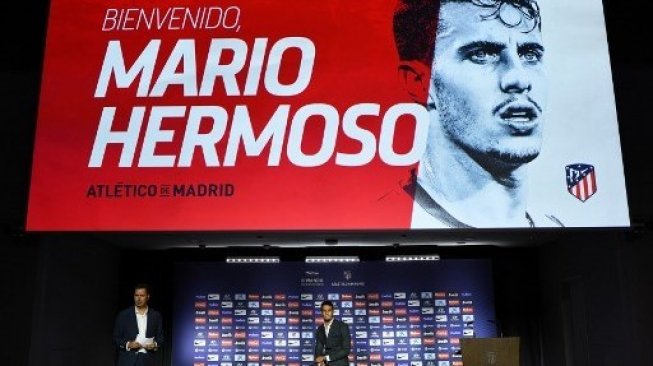 Mario Hermoso saat presentasi setelah diperkenalkan sebagai pemain baru Atletico Madrid di Wanda Metropolitano stadium. GABRIEL BOUYS / AFP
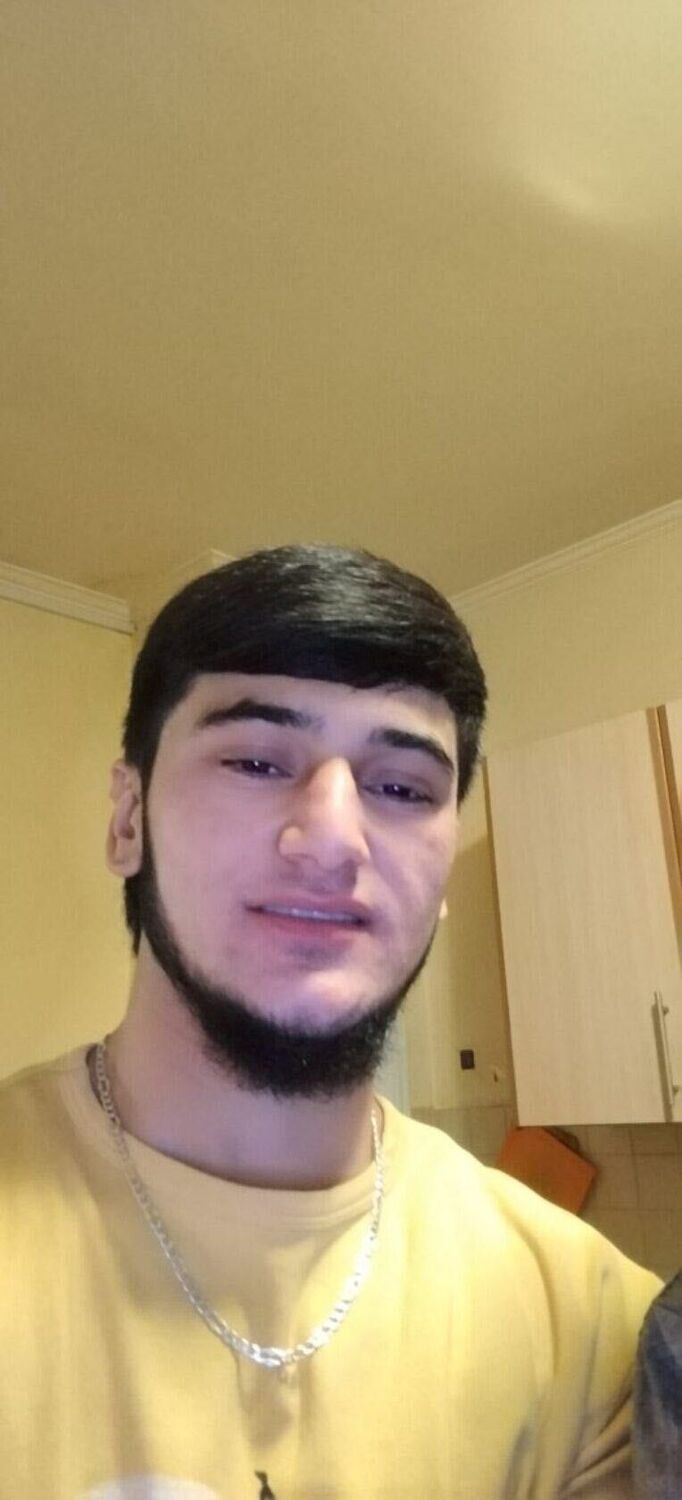  31962128  Muhammad, 21 ,    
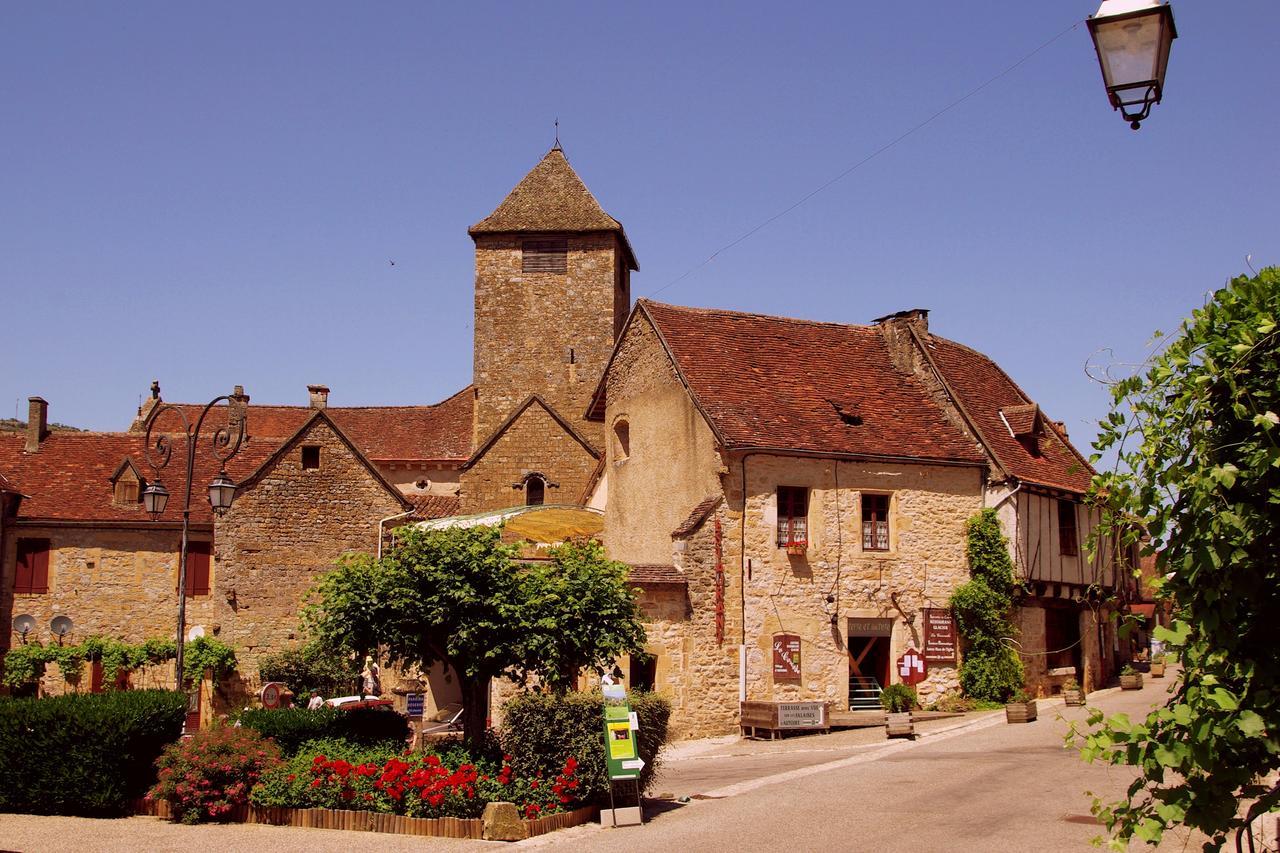 Le Lac Bleu Hotel Lacapelle-Marival Екстериор снимка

**Assignment:**
Apart from the pictures, all of the data must be duplicated exactly as shown above.

**Exercise result:**
 Mario Hermoso saat presentasi setelah diperkenalkan sebagai pemain baru Atletico Madrid di Wanda Metropolitano stadium. GABRIEL BOUYS / AFP
  31962128  Muhammad, 21 ,    
 Le Lac Bleu Hotel Lacapelle-Marival Екстериор снимка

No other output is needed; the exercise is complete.